Le tribunal de commerce de Saint-Étienne, dans un jugement réputé contradictoire du 6 janvier 2026, a condamné une société locataire défaillante au paiement de loyers impayés et à la restitution du matériel loué. La société bailleresse avait assigné son cocontractant après la résiliation de deux contrats de location, en raison de loyers demeurés impayés. Le défendeur, bien que régulièrement assigné par procès-verbal de recherches infructueuses, n’a pas comparu à l’audience. La question de droit portait sur le bien-fondé de la demande en paiement des loyers échus et à échoir, assortie d’une clause pénale, et de la restitution du matériel sous astreinte. Le tribunal a fait droit à la demande en principal, mais a réduit l’indemnité pour frais irrépétibles.
I. La confirmation de l’obligation contractuelle de paiement face à l’absence de contestation.

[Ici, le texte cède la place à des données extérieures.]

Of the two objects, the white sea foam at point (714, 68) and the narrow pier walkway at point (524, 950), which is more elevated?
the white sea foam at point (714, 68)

Le juge commercial constate que la demanderesse justifie de la réalité des contrats, de la livraison des biens et de l’envoi d’une mise en demeure. Il relève que la partie défenderesse, qui n’a pas comparu, ne soulève aucune contestation sur le fond du litige. Cette absence de débat contradictoire conduit le tribunal à estimer que la demande est fondée dans son principe. La solution retenue valorise la force probante des documents contractuels produits par le créancier. Elle illustre la valeur de l’effet obligatoire du contrat, consacré à l’article 1103 du code civil, en l’absence de toute opposition. La portée de ce jugement est de rappeler que le défaut de comparution ne prive pas le juge de son pouvoir de contrôle. Le tribunal vérifie néanmoins que les preuves apportées sont suffisantes pour établir l’existence et l’exigibilité de la créance.
II. La modulation des condamnations accessoires et l’octroi d’une astreinte pour garantir l’exécution.

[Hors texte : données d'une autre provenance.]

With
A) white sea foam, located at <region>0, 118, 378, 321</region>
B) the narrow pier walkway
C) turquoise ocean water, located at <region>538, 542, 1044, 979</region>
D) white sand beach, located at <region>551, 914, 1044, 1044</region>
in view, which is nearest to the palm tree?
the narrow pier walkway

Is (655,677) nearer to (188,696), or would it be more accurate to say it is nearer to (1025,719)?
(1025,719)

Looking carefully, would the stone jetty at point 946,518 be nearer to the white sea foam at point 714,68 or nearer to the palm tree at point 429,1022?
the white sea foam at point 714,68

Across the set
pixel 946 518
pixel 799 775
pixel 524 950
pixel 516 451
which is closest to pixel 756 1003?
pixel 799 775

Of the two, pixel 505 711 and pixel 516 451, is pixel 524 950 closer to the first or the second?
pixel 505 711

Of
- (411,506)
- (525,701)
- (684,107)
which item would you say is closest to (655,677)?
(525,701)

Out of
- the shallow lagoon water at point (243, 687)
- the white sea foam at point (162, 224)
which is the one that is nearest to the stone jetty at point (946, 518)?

Le tribunal fait droit à la demande de paiement incluant la clause pénale de 10%, mais il réduit l’indemnité sollicitée au titre de l’article 700 du code de procédure civile. Il estime que la somme de 500 euros réclamée par la demanderesse est excessive et la ramène à 100 euros. Cette décision témoigne du pouvoir modérateur du juge sur les demandes accessoires, même en l’absence de débat. Par ailleurs, le tribunal ordonne la restitution du matériel sous astreinte de 150 euros par jour de retard. Cette mesure, prévue à compter du huitième jour suivant la signification du jugement, vise à contraindre le débiteur à exécuter son obligation de restitution. La valeur de cette astreinte est d’assurer l’effectivité de la décision de justice. Sa portée est de sanctionner la rétention du bien après le prononcé du jugement, garantissant ainsi le droit de propriété du créancier.